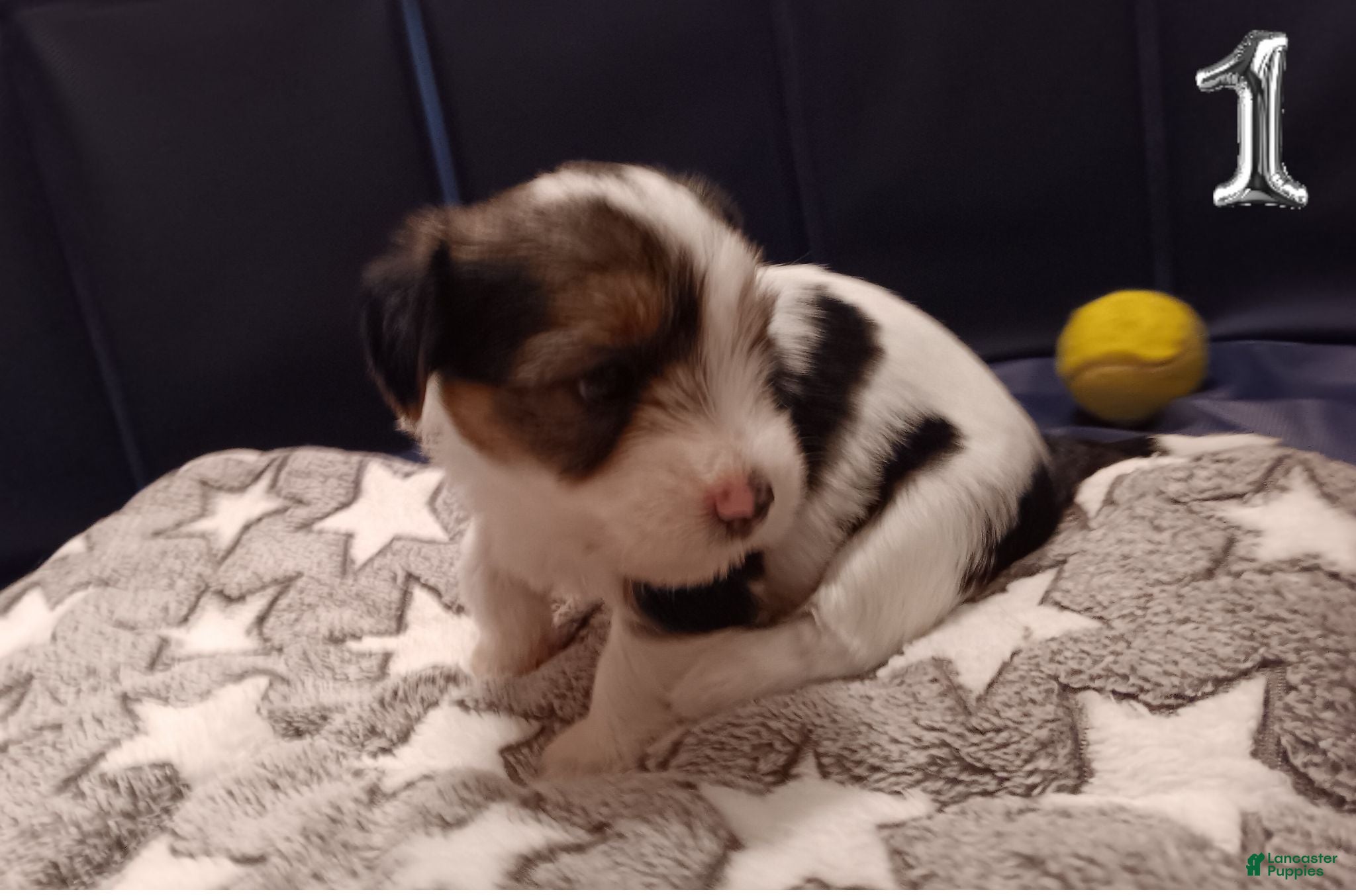 Mixed Breed dogs Hazlee - Ad 30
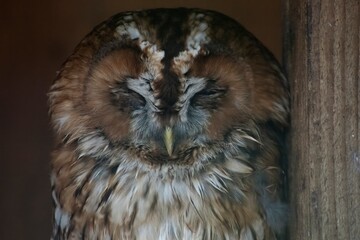The Tawny Owl (Strix aluco), also called the Brown Owl.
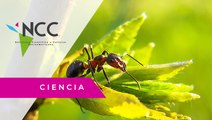 Las hormigas, un controlador biológico de plagas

━━━━━━━━

The whole listing is to be written out exactly; the pictures stay out of the copy.

> [YOUR SOLUTION]
 Mixed Breed dogs Hazlee - Ad 30
The Tawny Owl (Strix aluco), also called the Brown Owl.
 Las hormigas, un controlador biológico de plagas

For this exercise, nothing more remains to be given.